Top of Source data
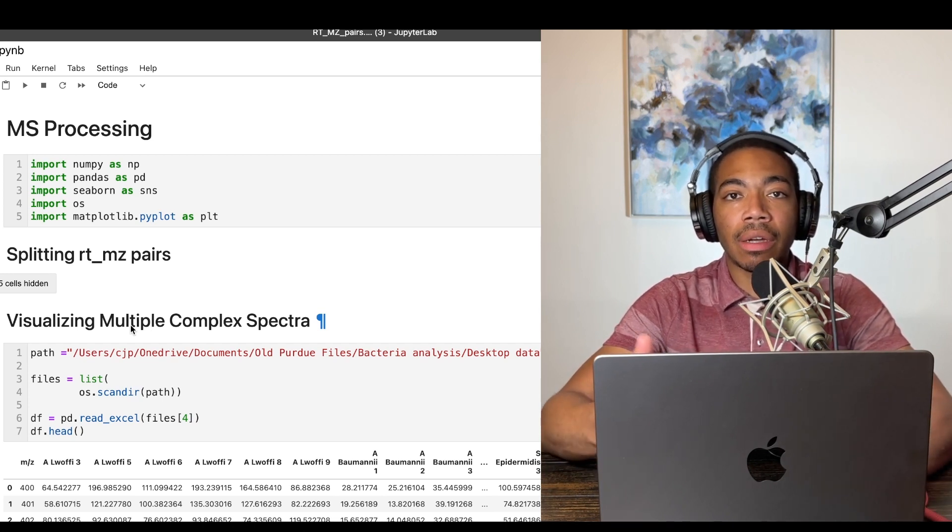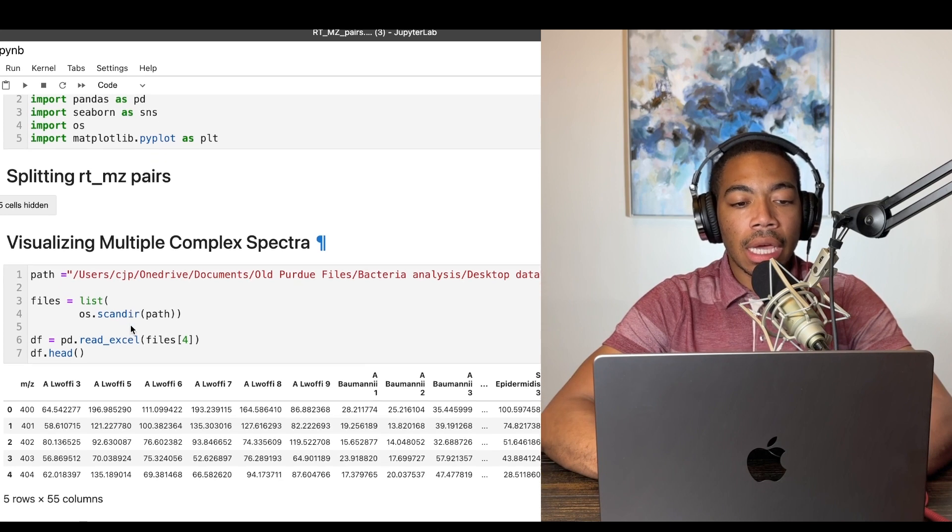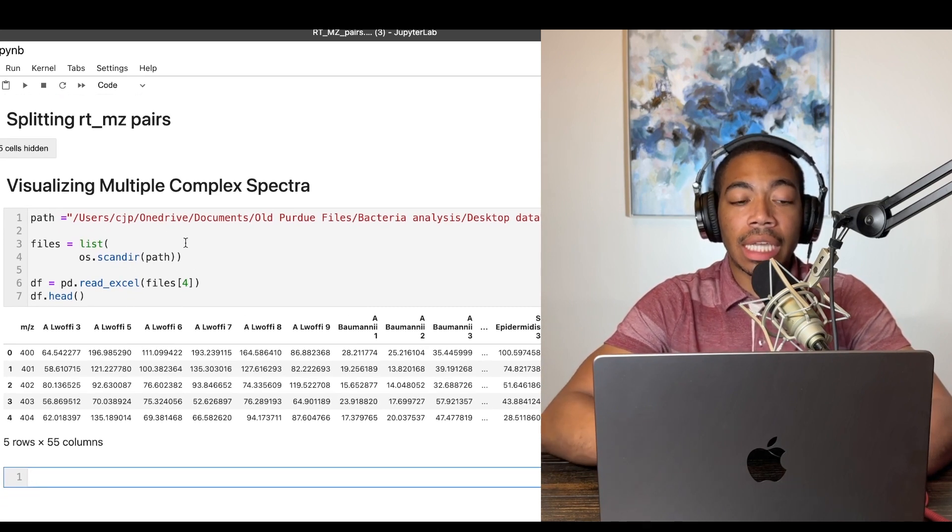So this could be Raman spectra, IR, mass spec, NMR. There are a number of ways and the way I want to demonstrate is a heat map.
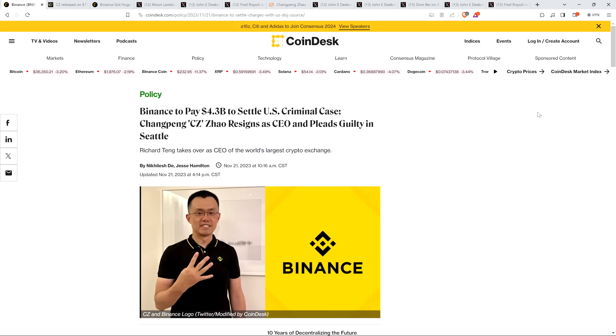Hello, this is Matt on the Moon Lambo channel, and here's the news that has absolutely shocked the world of crypto, and for good reason. Changpeng Zhao, known as CZ for short, he's the founder and CEO of Binance, the world's largest cryptocurrency exchange by volume.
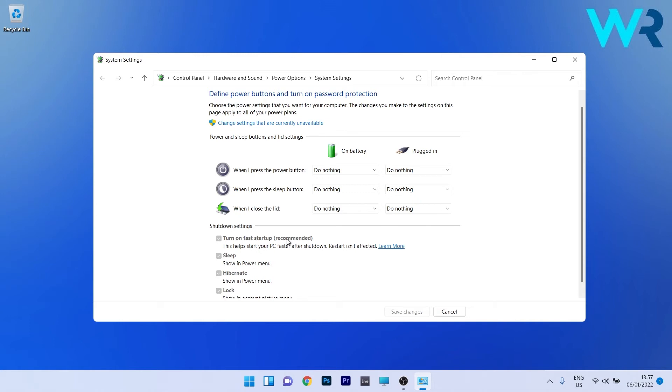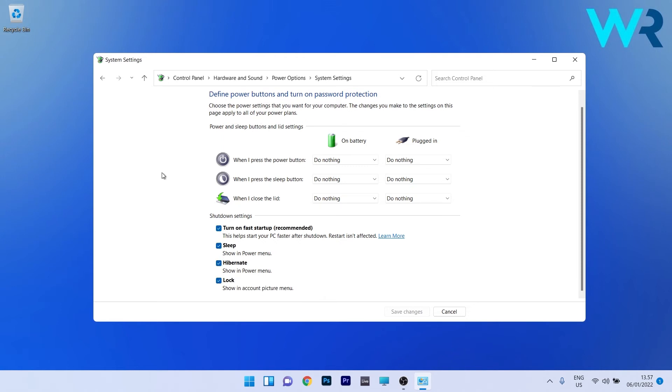So what you have to do is just click on the blue 'change settings that are currently unavailable' link. Now as you can see, the settings have been unblocked, and the last thing you have to do...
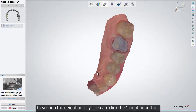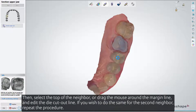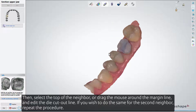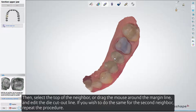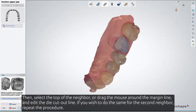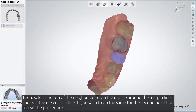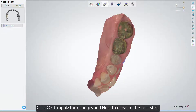To section the neighbors in your scan, click the Neighbor button. Then select the top of the neighbor, or drag the mouse around the margin line, and edit the die cutout line. If you wish to do the same for the second neighbor, repeat the procedure. Click OK to apply the changes, and Next to move to the next step.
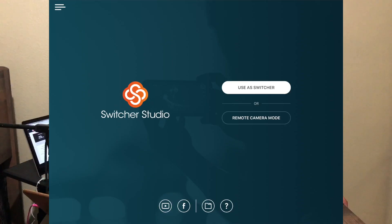The first window is going to ask you to 'use as switcher' or 'use as camera.' My iPad is my switcher and my iPhones are my cameras. You have to make sure that all devices are plugged into the same Wi-Fi network.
Bottom of Source data
● **Work item**: Once the line containing "To section the" is found, it and every line through the end of the records above should be output exactly, with no pictures.

● **Response to this task**:
To section the neighbors in your scan, click the Neighbor button. Then select the top of the neighbor, or drag the mouse around the margin line, and edit the die cutout line. If you wish to do the same for the second neighbor, repeat the procedure. Click OK to apply the changes, and Next to move to the next step.
The first window is going to ask you to 'use as switcher' or 'use as camera.' My iPad is my switcher and my iPhones are my cameras. You have to make sure that all devices are plugged into the same Wi-Fi network.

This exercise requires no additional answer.